Meats soupira dans le combiné.
— C’est important, insista Brolin. C’est toi qui m’as demandé mon aide pour faire un profil du tueur. On ne sait jamais, ça peut nous aider à le comprendre, à ne plus être une longueur derrière lui.
— Et ça ne peut pas attendre demain, j’imagine ?
— Je suis prêt, ce soir.
— OK, OK... On se rejoint dans...
— Seul. J’ai besoin d’être seul pour ça.
— Josh, je ne peux pas te laisser y aller seul, il y a les scellés et puis ce mec sait qu’on a trouvé son repaire, rappelle-toi le stratagème de l’alarme reliée à la ligne téléphonique. Cet enfoiré est assez malin pour ne plus vivre dans son taudis mais il continue de payer ses factures de téléphone pour alimenter son petit système.
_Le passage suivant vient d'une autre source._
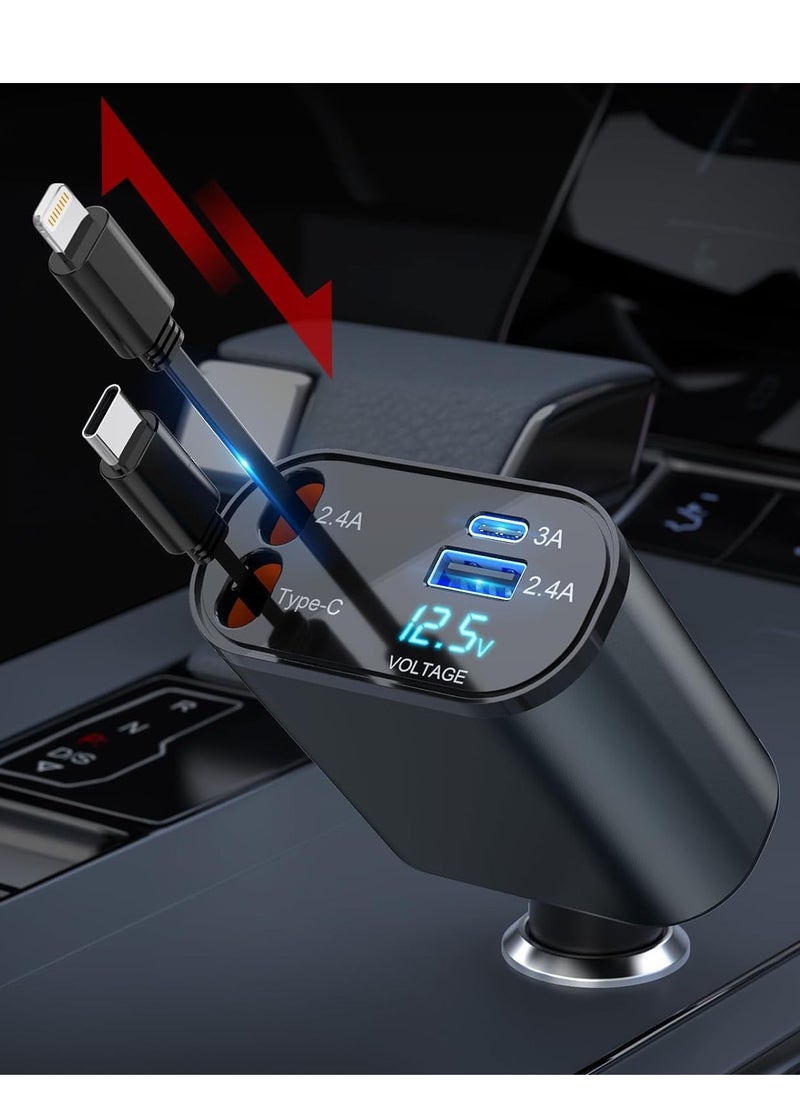 GULFLINK Retractable Fast Car Charger USB C Car Charger Fast Charging 120W 2 Retractable Cable and USB Port Car Charger Adapter  - Image 1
Brolin se souvenait de cet aspect de l’enquête. Le soir même de la découverte de l’appartement, ils avaient minutieusement décortiqué la vie de Suberton, jusqu’à découvrir un compte en banque sur lequel étaient prélevées les factures pour la ligne téléphonique, l’électricité et le loyer. Depuis trois mois il n’y avait eu aucune rentrée d’argent ni aucun débit en dehors des prélèvements automatiques. À ce rythme il restait à peine de quoi tenir jusqu’à l’automne. Le compte était à présent sous surveillance, dans l’espoir que Suberton retire du liquide, quelque part, pour la première fois depuis trois mois.
— On ne sait jamais, il pourrait...
— Ne me raconte pas de conneries, l’interrompit Brolin. Tu ne crois pas une seconde qu’il pourrait revenir, sinon tu ferais surveiller l’appartement. Laisse-moi y aller, tu pourras envoyer un agent demain matin pour reposer les scellés.
Lloyd Meats capitula en demandant à Brolin de ne rien toucher et raccrocha.
Brolin se rendit compte qu’il était tard et qu’Annabel l’attendait sûrement. Il allait l’appeler lorsqu’il retint son geste en constatant qu’il n’avait presque plus de batterie, à peine de quoi passer un dernier coup de fil. Elle était en compagnie de Larry ; quoi qu’ils fassent, elle était entre de bonnes mains. Il coupa son téléphone, il la joindrait en sortant de chez Suberton, dans moins d’une heure. Vers vingt-trois heures.
A vingt-trois heures trente au plus tard.